## WHAT NEEDS TO BE DONE
Keeping every line intact, print the records that follow.

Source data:
_____

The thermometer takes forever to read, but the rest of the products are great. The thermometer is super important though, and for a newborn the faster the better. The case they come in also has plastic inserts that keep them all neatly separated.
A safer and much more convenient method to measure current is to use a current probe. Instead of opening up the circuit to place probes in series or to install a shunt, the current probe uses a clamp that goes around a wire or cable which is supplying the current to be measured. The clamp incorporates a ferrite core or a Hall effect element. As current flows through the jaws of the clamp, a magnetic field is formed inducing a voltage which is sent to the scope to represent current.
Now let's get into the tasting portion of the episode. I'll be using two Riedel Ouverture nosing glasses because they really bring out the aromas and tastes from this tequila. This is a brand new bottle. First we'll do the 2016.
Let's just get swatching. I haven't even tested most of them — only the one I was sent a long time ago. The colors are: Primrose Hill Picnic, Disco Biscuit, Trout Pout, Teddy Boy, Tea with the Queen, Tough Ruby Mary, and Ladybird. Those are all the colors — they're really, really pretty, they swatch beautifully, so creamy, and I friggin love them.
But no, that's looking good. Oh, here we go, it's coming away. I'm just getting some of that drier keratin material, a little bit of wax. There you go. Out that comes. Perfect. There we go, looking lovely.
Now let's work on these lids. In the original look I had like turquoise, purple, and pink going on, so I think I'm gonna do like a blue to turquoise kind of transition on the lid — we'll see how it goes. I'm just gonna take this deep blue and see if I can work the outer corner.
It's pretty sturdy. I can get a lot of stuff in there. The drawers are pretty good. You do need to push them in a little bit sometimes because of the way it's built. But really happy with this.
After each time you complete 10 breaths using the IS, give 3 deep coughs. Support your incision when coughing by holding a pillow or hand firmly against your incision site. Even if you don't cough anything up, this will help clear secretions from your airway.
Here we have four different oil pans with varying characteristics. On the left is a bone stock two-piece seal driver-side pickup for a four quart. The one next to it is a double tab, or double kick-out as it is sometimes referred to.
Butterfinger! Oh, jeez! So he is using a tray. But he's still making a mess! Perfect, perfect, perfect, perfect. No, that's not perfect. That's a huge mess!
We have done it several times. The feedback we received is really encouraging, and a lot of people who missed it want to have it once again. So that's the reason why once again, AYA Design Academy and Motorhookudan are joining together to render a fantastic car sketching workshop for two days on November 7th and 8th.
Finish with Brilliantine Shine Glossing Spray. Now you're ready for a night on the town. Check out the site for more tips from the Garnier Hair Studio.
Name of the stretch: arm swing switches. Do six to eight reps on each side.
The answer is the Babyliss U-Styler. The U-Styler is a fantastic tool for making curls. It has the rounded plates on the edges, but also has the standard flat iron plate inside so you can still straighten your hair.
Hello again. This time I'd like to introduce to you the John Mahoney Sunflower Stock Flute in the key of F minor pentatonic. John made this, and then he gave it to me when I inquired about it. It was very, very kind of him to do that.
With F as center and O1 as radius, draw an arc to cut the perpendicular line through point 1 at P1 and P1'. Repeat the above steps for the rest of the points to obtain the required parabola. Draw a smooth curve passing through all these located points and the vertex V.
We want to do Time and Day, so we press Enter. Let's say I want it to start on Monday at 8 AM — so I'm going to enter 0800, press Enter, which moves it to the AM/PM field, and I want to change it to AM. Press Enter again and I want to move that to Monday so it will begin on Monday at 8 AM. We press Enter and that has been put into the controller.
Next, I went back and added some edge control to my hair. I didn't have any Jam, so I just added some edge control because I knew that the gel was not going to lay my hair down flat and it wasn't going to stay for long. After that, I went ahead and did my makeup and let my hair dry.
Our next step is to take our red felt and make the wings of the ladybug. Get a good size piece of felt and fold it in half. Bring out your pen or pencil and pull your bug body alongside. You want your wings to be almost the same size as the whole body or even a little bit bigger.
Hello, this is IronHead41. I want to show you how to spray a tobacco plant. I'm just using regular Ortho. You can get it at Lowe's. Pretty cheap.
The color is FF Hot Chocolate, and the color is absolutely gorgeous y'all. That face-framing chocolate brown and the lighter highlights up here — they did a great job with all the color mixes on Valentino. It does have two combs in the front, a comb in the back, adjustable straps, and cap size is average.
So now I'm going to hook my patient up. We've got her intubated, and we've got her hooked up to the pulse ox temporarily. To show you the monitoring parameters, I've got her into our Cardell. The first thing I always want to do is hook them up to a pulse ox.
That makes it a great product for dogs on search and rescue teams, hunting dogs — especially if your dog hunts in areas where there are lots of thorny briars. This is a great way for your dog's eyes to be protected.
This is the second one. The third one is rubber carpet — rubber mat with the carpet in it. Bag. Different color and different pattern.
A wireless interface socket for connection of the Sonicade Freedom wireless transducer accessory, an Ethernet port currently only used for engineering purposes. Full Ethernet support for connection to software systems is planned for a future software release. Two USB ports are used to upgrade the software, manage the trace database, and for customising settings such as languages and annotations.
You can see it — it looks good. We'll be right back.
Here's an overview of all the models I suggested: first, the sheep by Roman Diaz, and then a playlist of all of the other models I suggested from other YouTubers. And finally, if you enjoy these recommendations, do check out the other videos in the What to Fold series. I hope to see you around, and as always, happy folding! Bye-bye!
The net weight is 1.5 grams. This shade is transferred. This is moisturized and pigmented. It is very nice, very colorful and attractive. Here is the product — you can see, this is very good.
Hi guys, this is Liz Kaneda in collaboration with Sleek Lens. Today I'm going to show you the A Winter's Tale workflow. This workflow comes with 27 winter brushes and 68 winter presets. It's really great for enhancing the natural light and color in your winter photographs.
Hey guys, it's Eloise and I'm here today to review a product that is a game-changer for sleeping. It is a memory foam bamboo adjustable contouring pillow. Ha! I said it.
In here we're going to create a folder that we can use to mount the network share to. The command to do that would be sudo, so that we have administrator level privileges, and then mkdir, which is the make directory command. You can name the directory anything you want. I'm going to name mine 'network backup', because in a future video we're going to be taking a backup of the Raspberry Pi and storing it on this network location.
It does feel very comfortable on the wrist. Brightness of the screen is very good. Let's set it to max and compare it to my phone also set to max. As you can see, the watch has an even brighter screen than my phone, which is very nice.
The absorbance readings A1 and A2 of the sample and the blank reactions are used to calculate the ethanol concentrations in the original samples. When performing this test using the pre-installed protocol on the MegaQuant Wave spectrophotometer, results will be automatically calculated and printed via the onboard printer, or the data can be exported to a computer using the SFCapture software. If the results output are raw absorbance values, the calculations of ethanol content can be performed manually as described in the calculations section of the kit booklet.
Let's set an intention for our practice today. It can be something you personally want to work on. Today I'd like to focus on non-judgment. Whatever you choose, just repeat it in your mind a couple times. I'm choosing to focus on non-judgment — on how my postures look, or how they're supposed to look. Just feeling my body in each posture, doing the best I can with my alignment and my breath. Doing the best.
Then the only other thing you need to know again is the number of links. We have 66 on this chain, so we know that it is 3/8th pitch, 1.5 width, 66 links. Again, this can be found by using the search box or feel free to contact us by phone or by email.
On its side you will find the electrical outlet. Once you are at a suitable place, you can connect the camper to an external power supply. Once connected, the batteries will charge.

_____

## RESULT FOR THIS EXERCISE
The thermometer takes forever to read, but the rest of the products are great. The thermometer is super important though, and for a newborn the faster the better. The case they come in also has plastic inserts that keep them all neatly separated.
A safer and much more convenient method to measure current is to use a current probe. Instead of opening up the circuit to place probes in series or to install a shunt, the current probe uses a clamp that goes around a wire or cable which is supplying the current to be measured. The clamp incorporates a ferrite core or a Hall effect element. As current flows through the jaws of the clamp, a magnetic field is formed inducing a voltage which is sent to the scope to represent current.
Now let's get into the tasting portion of the episode. I'll be using two Riedel Ouverture nosing glasses because they really bring out the aromas and tastes from this tequila. This is a brand new bottle. First we'll do the 2016.
Let's just get swatching. I haven't even tested most of them — only the one I was sent a long time ago. The colors are: Primrose Hill Picnic, Disco Biscuit, Trout Pout, Teddy Boy, Tea with the Queen, Tough Ruby Mary, and Ladybird. Those are all the colors — they're really, really pretty, they swatch beautifully, so creamy, and I friggin love them.
But no, that's looking good. Oh, here we go, it's coming away. I'm just getting some of that drier keratin material, a little bit of wax. There you go. Out that comes. Perfect. There we go, looking lovely.
Now let's work on these lids. In the original look I had like turquoise, purple, and pink going on, so I think I'm gonna do like a blue to turquoise kind of transition on the lid — we'll see how it goes. I'm just gonna take this deep blue and see if I can work the outer corner.
It's pretty sturdy. I can get a lot of stuff in there. The drawers are pretty good. You do need to push them in a little bit sometimes because of the way it's built. But really happy with this.
After each time you complete 10 breaths using the IS, give 3 deep coughs. Support your incision when coughing by holding a pillow or hand firmly against your incision site. Even if you don't cough anything up, this will help clear secretions from your airway.
Here we have four different oil pans with varying characteristics. On the left is a bone stock two-piece seal driver-side pickup for a four quart. The one next to it is a double tab, or double kick-out as it is sometimes referred to.
Butterfinger! Oh, jeez! So he is using a tray. But he's still making a mess! Perfect, perfect, perfect, perfect. No, that's not perfect. That's a huge mess!
We have done it several times. The feedback we received is really encouraging, and a lot of people who missed it want to have it once again. So that's the reason why once again, AYA Design Academy and Motorhookudan are joining together to render a fantastic car sketching workshop for two days on November 7th and 8th.
Finish with Brilliantine Shine Glossing Spray. Now you're ready for a night on the town. Check out the site for more tips from the Garnier Hair Studio.
Name of the stretch: arm swing switches. Do six to eight reps on each side.
The answer is the Babyliss U-Styler. The U-Styler is a fantastic tool for making curls. It has the rounded plates on the edges, but also has the standard flat iron plate inside so you can still straighten your hair.
Hello again. This time I'd like to introduce to you the John Mahoney Sunflower Stock Flute in the key of F minor pentatonic. John made this, and then he gave it to me when I inquired about it. It was very, very kind of him to do that.
With F as center and O1 as radius, draw an arc to cut the perpendicular line through point 1 at P1 and P1'. Repeat the above steps for the rest of the points to obtain the required parabola. Draw a smooth curve passing through all these located points and the vertex V.
We want to do Time and Day, so we press Enter. Let's say I want it to start on Monday at 8 AM — so I'm going to enter 0800, press Enter, which moves it to the AM/PM field, and I want to change it to AM. Press Enter again and I want to move that to Monday so it will begin on Monday at 8 AM. We press Enter and that has been put into the controller.
Next, I went back and added some edge control to my hair. I didn't have any Jam, so I just added some edge control because I knew that the gel was not going to lay my hair down flat and it wasn't going to stay for long. After that, I went ahead and did my makeup and let my hair dry.
Our next step is to take our red felt and make the wings of the ladybug. Get a good size piece of felt and fold it in half. Bring out your pen or pencil and pull your bug body alongside. You want your wings to be almost the same size as the whole body or even a little bit bigger.
Hello, this is IronHead41. I want to show you how to spray a tobacco plant. I'm just using regular Ortho. You can get it at Lowe's. Pretty cheap.
The color is FF Hot Chocolate, and the color is absolutely gorgeous y'all. That face-framing chocolate brown and the lighter highlights up here — they did a great job with all the color mixes on Valentino. It does have two combs in the front, a comb in the back, adjustable straps, and cap size is average.
So now I'm going to hook my patient up. We've got her intubated, and we've got her hooked up to the pulse ox temporarily. To show you the monitoring parameters, I've got her into our Cardell. The first thing I always want to do is hook them up to a pulse ox.
That makes it a great product for dogs on search and rescue teams, hunting dogs — especially if your dog hunts in areas where there are lots of thorny briars. This is a great way for your dog's eyes to be protected.
This is the second one. The third one is rubber carpet — rubber mat with the carpet in it. Bag. Different color and different pattern.
A wireless interface socket for connection of the Sonicade Freedom wireless transducer accessory, an Ethernet port currently only used for engineering purposes. Full Ethernet support for connection to software systems is planned for a future software release. Two USB ports are used to upgrade the software, manage the trace database, and for customising settings such as languages and annotations.
You can see it — it looks good. We'll be right back.
Here's an overview of all the models I suggested: first, the sheep by Roman Diaz, and then a playlist of all of the other models I suggested from other YouTubers. And finally, if you enjoy these recommendations, do check out the other videos in the What to Fold series. I hope to see you around, and as always, happy folding! Bye-bye!
The net weight is 1.5 grams. This shade is transferred. This is moisturized and pigmented. It is very nice, very colorful and attractive. Here is the product — you can see, this is very good.
Hi guys, this is Liz Kaneda in collaboration with Sleek Lens. Today I'm going to show you the A Winter's Tale workflow. This workflow comes with 27 winter brushes and 68 winter presets. It's really great for enhancing the natural light and color in your winter photographs.
Hey guys, it's Eloise and I'm here today to review a product that is a game-changer for sleeping. It is a memory foam bamboo adjustable contouring pillow. Ha! I said it.
In here we're going to create a folder that we can use to mount the network share to. The command to do that would be sudo, so that we have administrator level privileges, and then mkdir, which is the make directory command. You can name the directory anything you want. I'm going to name mine 'network backup', because in a future video we're going to be taking a backup of the Raspberry Pi and storing it on this network location.
It does feel very comfortable on the wrist. Brightness of the screen is very good. Let's set it to max and compare it to my phone also set to max. As you can see, the watch has an even brighter screen than my phone, which is very nice.
The absorbance readings A1 and A2 of the sample and the blank reactions are used to calculate the ethanol concentrations in the original samples. When performing this test using the pre-installed protocol on the MegaQuant Wave spectrophotometer, results will be automatically calculated and printed via the onboard printer, or the data can be exported to a computer using the SFCapture software. If the results output are raw absorbance values, the calculations of ethanol content can be performed manually as described in the calculations section of the kit booklet.
Let's set an intention for our practice today. It can be something you personally want to work on. Today I'd like to focus on non-judgment. Whatever you choose, just repeat it in your mind a couple times. I'm choosing to focus on non-judgment — on how my postures look, or how they're supposed to look. Just feeling my body in each posture, doing the best I can with my alignment and my breath. Doing the best.
Then the only other thing you need to know again is the number of links. We have 66 on this chain, so we know that it is 3/8th pitch, 1.5 width, 66 links. Again, this can be found by using the search box or feel free to contact us by phone or by email.
On its side you will find the electrical outlet. Once you are at a suitable place, you can connect the camper to an external power supply. Once connected, the batteries will charge.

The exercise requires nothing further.